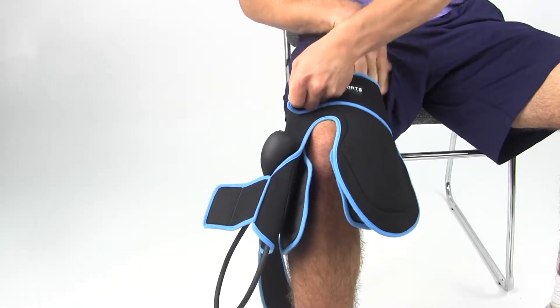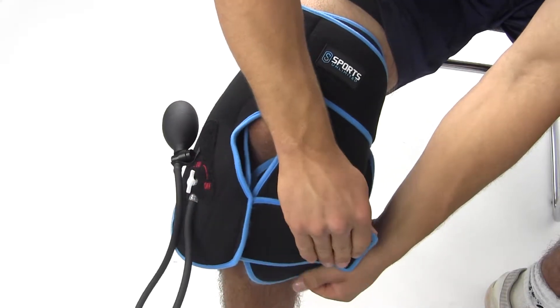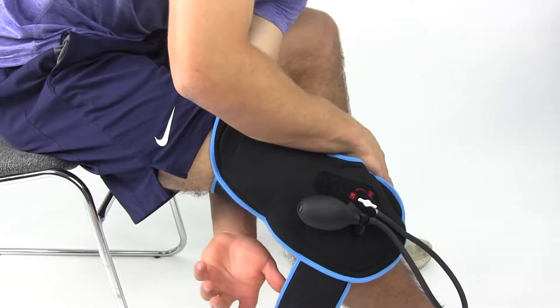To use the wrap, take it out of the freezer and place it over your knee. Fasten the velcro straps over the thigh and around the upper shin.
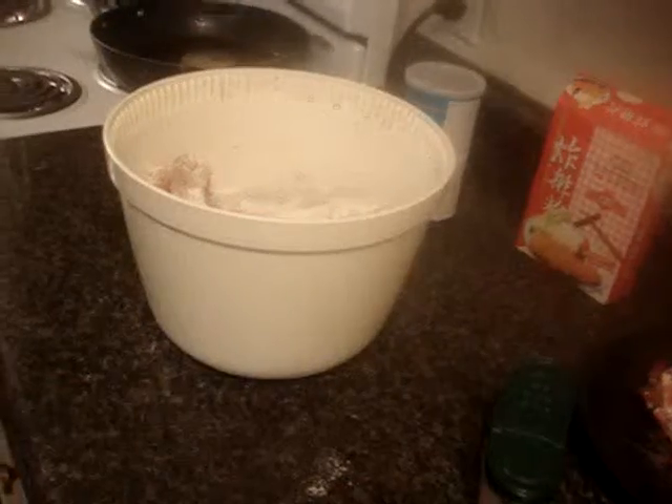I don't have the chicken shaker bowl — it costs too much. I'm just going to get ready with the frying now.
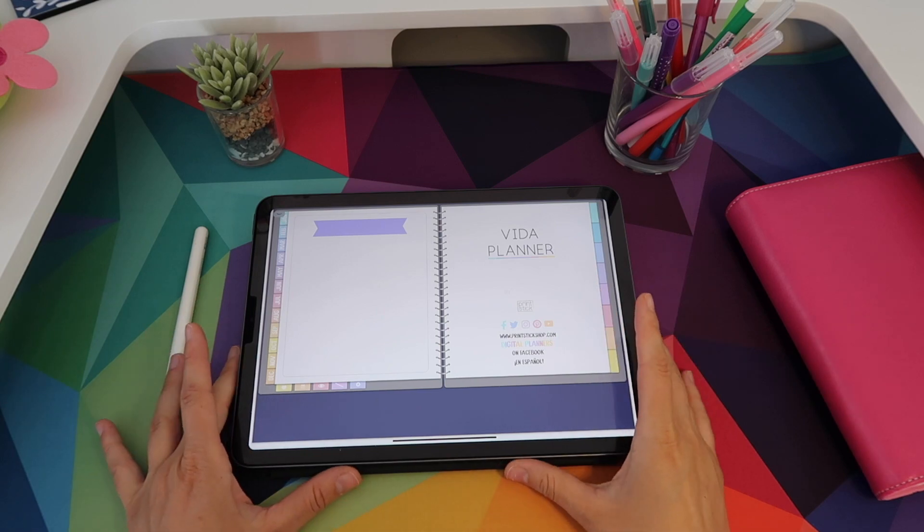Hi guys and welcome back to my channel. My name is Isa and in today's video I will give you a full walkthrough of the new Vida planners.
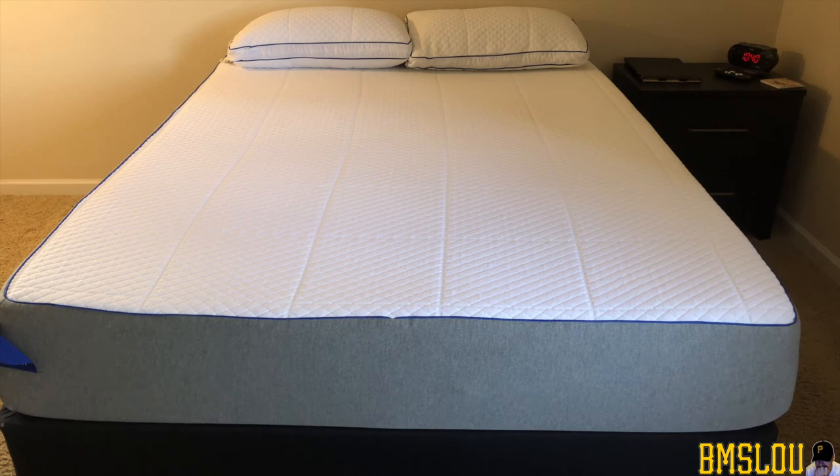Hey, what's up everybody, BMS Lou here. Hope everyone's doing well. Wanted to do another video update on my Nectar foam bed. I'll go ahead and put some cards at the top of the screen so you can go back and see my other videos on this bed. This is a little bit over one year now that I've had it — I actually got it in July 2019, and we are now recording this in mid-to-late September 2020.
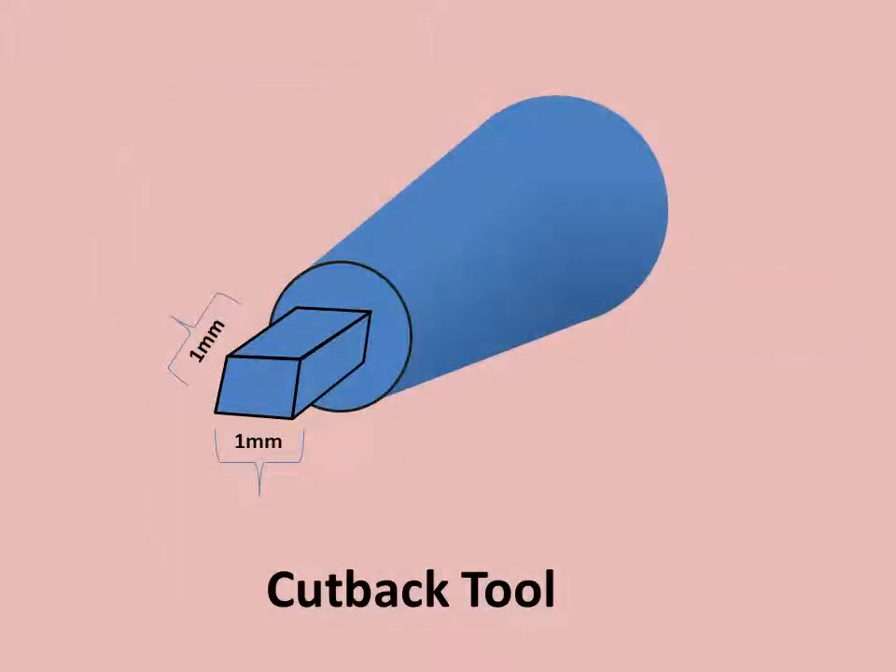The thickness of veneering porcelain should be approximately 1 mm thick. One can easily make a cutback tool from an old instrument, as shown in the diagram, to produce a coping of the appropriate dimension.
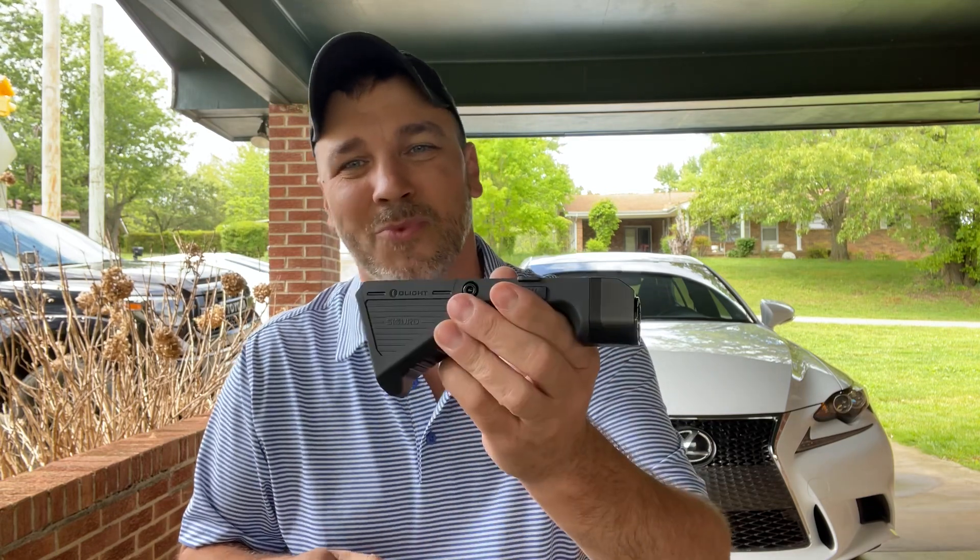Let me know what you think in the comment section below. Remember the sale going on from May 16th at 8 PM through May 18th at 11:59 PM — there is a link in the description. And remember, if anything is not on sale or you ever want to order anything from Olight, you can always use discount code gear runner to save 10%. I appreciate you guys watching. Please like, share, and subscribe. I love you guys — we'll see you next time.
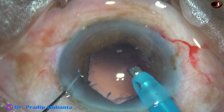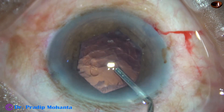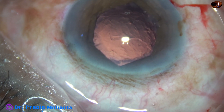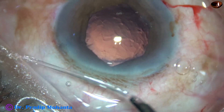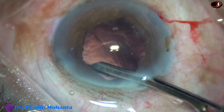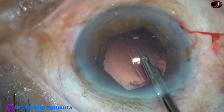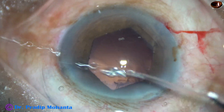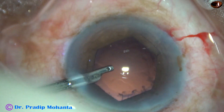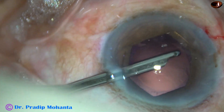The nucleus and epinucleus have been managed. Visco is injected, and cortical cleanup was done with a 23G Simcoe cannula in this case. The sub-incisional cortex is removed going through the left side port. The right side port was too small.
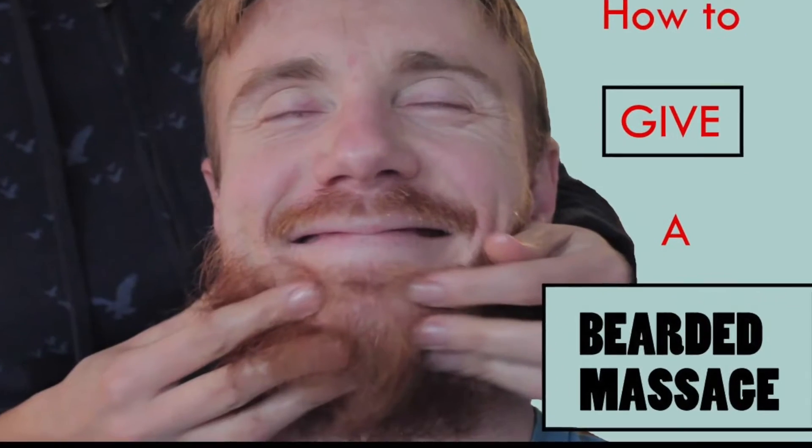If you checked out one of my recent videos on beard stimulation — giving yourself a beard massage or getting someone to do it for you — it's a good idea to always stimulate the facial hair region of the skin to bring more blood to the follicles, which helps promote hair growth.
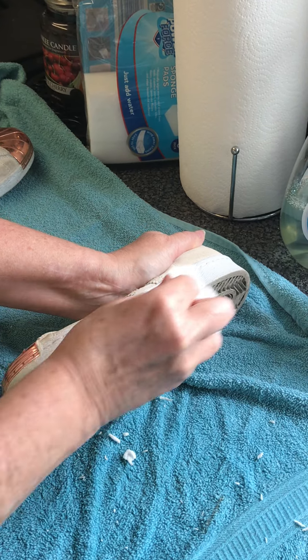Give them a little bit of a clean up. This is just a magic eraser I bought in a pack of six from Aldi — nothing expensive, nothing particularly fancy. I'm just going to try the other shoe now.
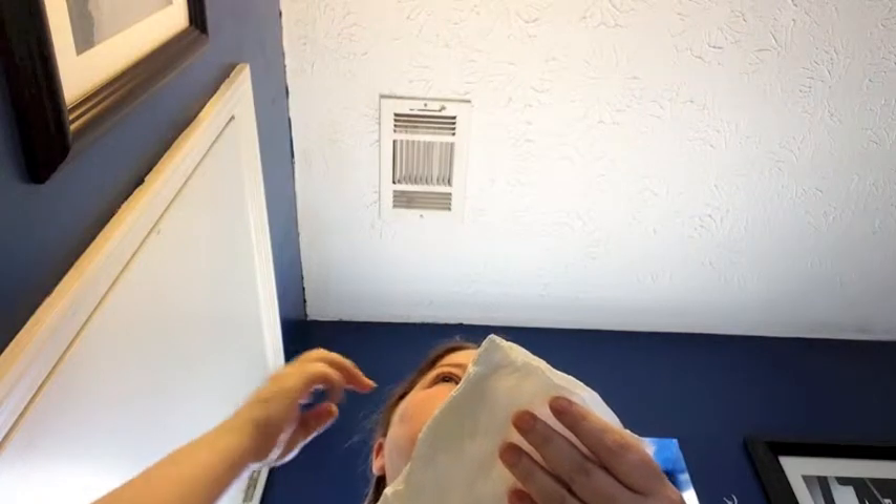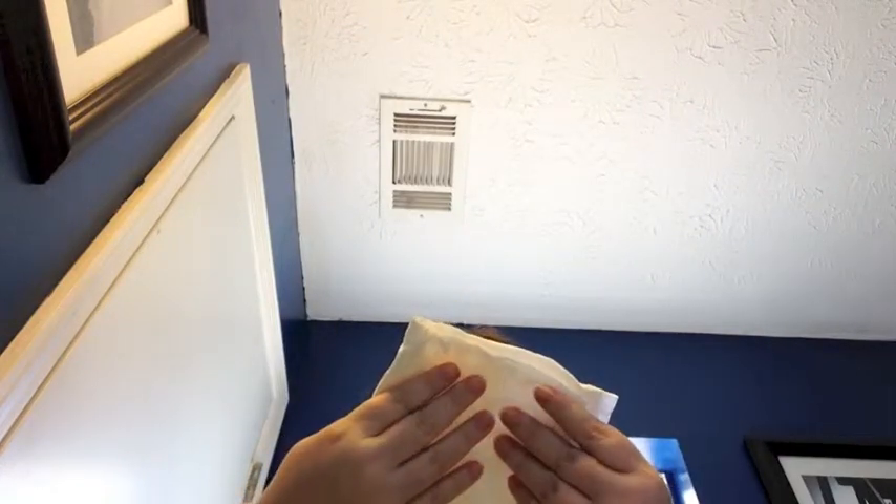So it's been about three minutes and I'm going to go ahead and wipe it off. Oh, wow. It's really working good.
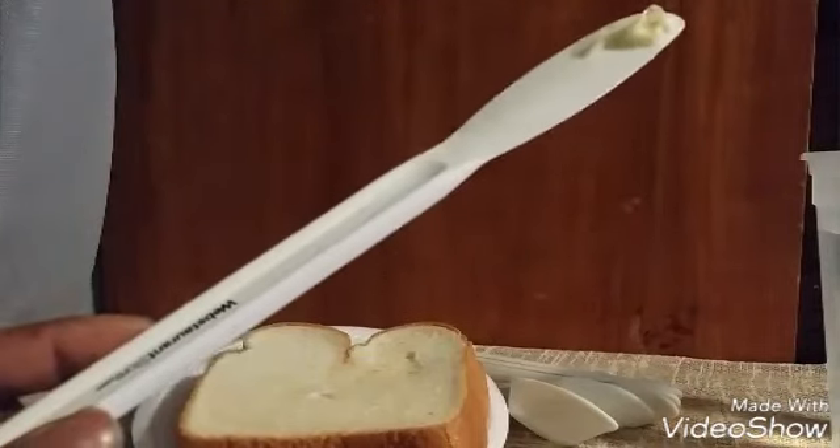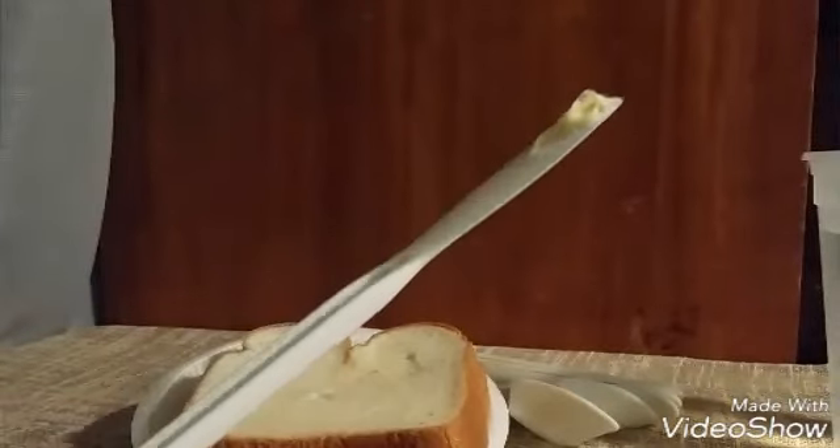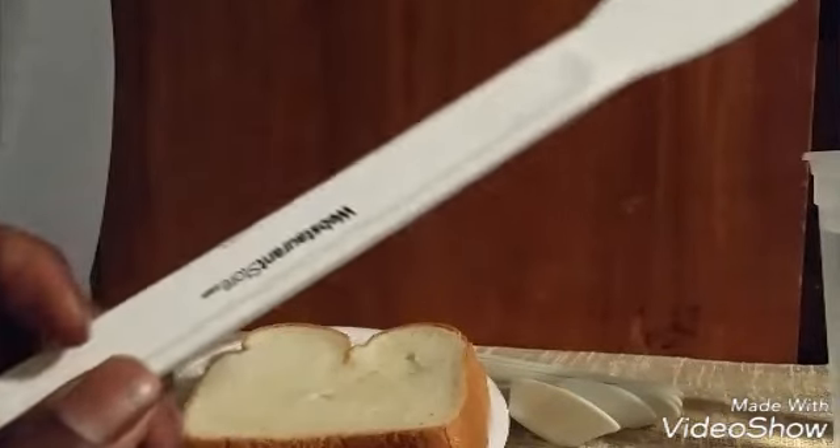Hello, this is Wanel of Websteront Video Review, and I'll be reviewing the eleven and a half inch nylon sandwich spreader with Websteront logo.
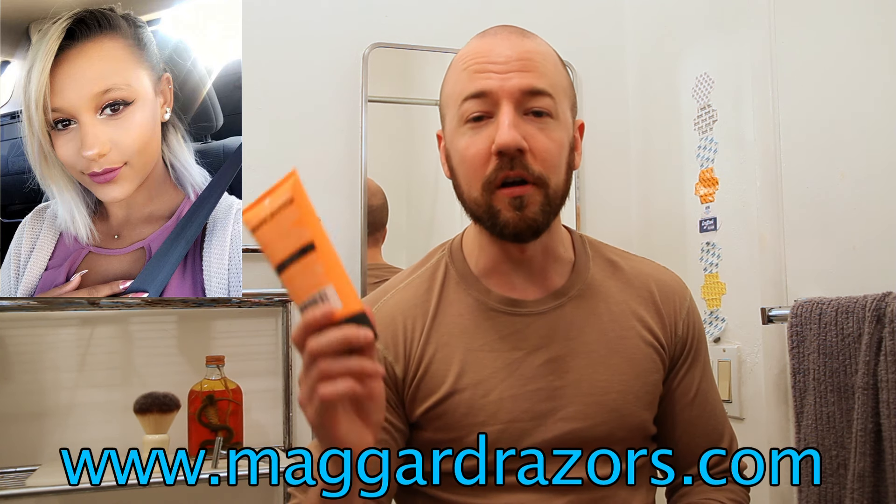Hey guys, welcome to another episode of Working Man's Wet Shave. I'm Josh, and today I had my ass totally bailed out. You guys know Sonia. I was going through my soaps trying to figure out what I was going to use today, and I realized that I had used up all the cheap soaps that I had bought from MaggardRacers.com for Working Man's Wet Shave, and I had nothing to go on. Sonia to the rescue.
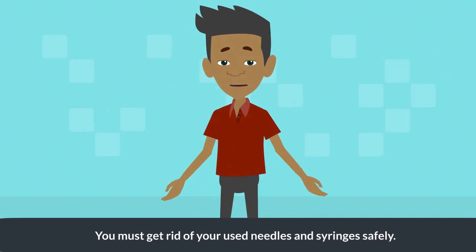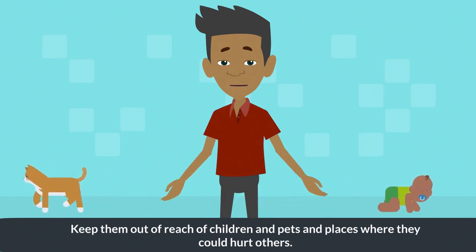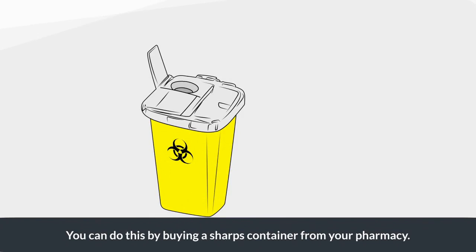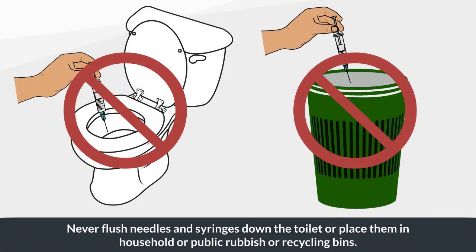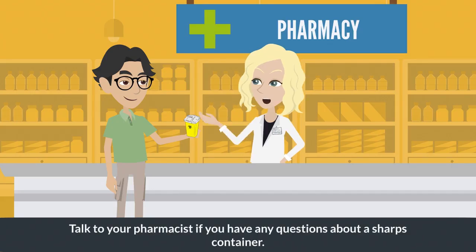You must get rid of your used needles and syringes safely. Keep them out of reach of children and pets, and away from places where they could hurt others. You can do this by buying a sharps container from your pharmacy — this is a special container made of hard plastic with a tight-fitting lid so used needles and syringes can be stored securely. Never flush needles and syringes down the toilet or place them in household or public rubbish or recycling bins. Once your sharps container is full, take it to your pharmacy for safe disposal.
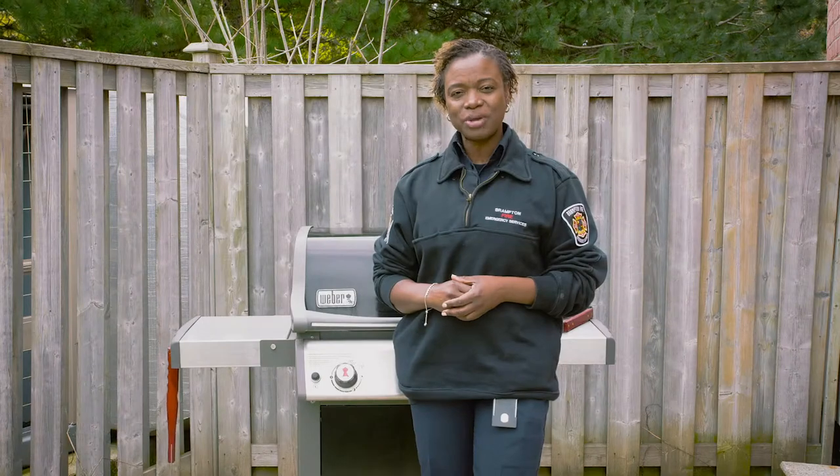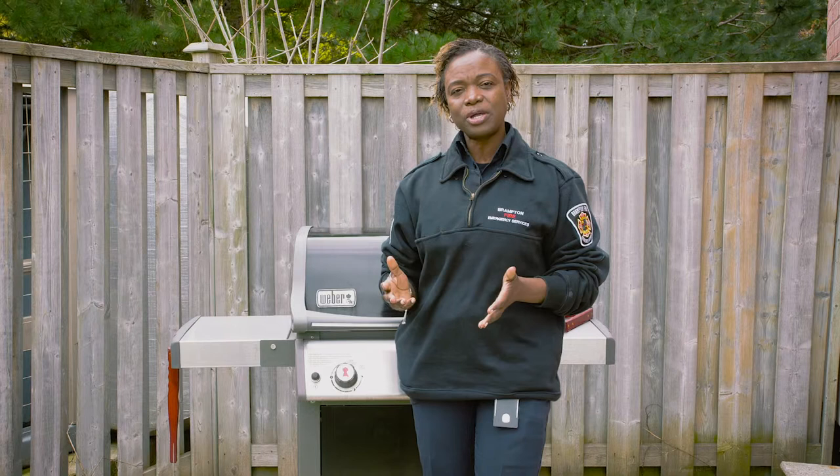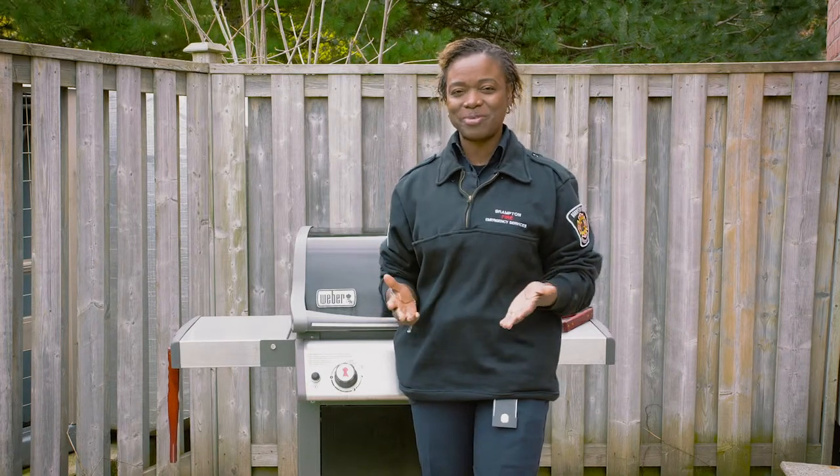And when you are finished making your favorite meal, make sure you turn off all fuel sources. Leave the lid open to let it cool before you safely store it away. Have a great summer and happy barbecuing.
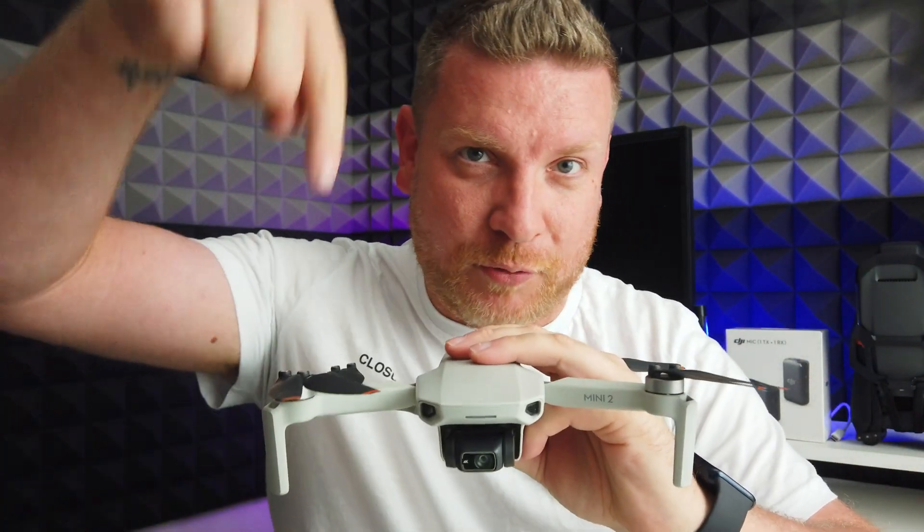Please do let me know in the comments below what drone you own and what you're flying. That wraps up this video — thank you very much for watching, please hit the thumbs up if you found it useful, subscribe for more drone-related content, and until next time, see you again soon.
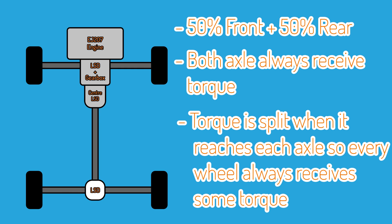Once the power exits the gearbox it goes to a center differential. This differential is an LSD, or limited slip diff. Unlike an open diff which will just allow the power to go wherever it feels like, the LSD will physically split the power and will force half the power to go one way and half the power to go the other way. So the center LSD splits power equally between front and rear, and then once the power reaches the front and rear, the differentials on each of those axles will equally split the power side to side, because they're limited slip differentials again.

◇ ◇ ◇

**Work to be completed**
When you copy the records above, keep every word exact and leave out the pictures they contain.

**Answer to this problem**
To use the wrap, take it out of the freezer and place it over your knee. Fasten the velcro straps over the thigh and around the upper shin.
I don't have the chicken shaker bowl — it costs too much. I'm just going to get ready with the frying now.
Hi guys and welcome back to my channel. My name is Isa and in today's video I will give you a full walkthrough of the new Vida planners.
Hey, what's up everybody, BMS Lou here. Hope everyone's doing well. Wanted to do another video update on my Nectar foam bed. I'll go ahead and put some cards at the top of the screen so you can go back and see my other videos on this bed. This is a little bit over one year now that I've had it — I actually got it in July 2019, and we are now recording this in mid-to-late September 2020.
The thickness of veneering porcelain should be approximately 1 mm thick. One can easily make a cutback tool from an old instrument, as shown in the diagram, to produce a coping of the appropriate dimension.
Let me know what you think in the comment section below. Remember the sale going on from May 16th at 8 PM through May 18th at 11:59 PM — there is a link in the description. And remember, if anything is not on sale or you ever want to order anything from Olight, you can always use discount code gear runner to save 10%. I appreciate you guys watching. Please like, share, and subscribe. I love you guys — we'll see you next time.
The nucleus and epinucleus have been managed. Visco is injected, and cortical cleanup was done with a 23G Simcoe cannula in this case. The sub-incisional cortex is removed going through the left side port. The right side port was too small.
If you checked out one of my recent videos on beard stimulation — giving yourself a beard massage or getting someone to do it for you — it's a good idea to always stimulate the facial hair region of the skin to bring more blood to the follicles, which helps promote hair growth.
Give them a little bit of a clean up. This is just a magic eraser I bought in a pack of six from Aldi — nothing expensive, nothing particularly fancy. I'm just going to try the other shoe now.
So it's been about three minutes and I'm going to go ahead and wipe it off. Oh, wow. It's really working good.
Hello, this is Wanel of Websteront Video Review, and I'll be reviewing the eleven and a half inch nylon sandwich spreader with Websteront logo.
Hey guys, welcome to another episode of Working Man's Wet Shave. I'm Josh, and today I had my ass totally bailed out. You guys know Sonia. I was going through my soaps trying to figure out what I was going to use today, and I realized that I had used up all the cheap soaps that I had bought from MaggardRacers.com for Working Man's Wet Shave, and I had nothing to go on. Sonia to the rescue.
You must get rid of your used needles and syringes safely. Keep them out of reach of children and pets, and away from places where they could hurt others. You can do this by buying a sharps container from your pharmacy — this is a special container made of hard plastic with a tight-fitting lid so used needles and syringes can be stored securely. Never flush needles and syringes down the toilet or place them in household or public rubbish or recycling bins. Once your sharps container is full, take it to your pharmacy for safe disposal.
And when you are finished making your favorite meal, make sure you turn off all fuel sources. Leave the lid open to let it cool before you safely store it away. Have a great summer and happy barbecuing.
Please do let me know in the comments below what drone you own and what you're flying. That wraps up this video — thank you very much for watching, please hit the thumbs up if you found it useful, subscribe for more drone-related content, and until next time, see you again soon.
Once the power exits the gearbox it goes to a center differential. This differential is an LSD, or limited slip diff. Unlike an open diff which will just allow the power to go wherever it feels like, the LSD will physically split the power and will force half the power to go one way and half the power to go the other way. So the center LSD splits power equally between front and rear, and then once the power reaches the front and rear, the differentials on each of those axles will equally split the power side to side, because they're limited slip differentials again.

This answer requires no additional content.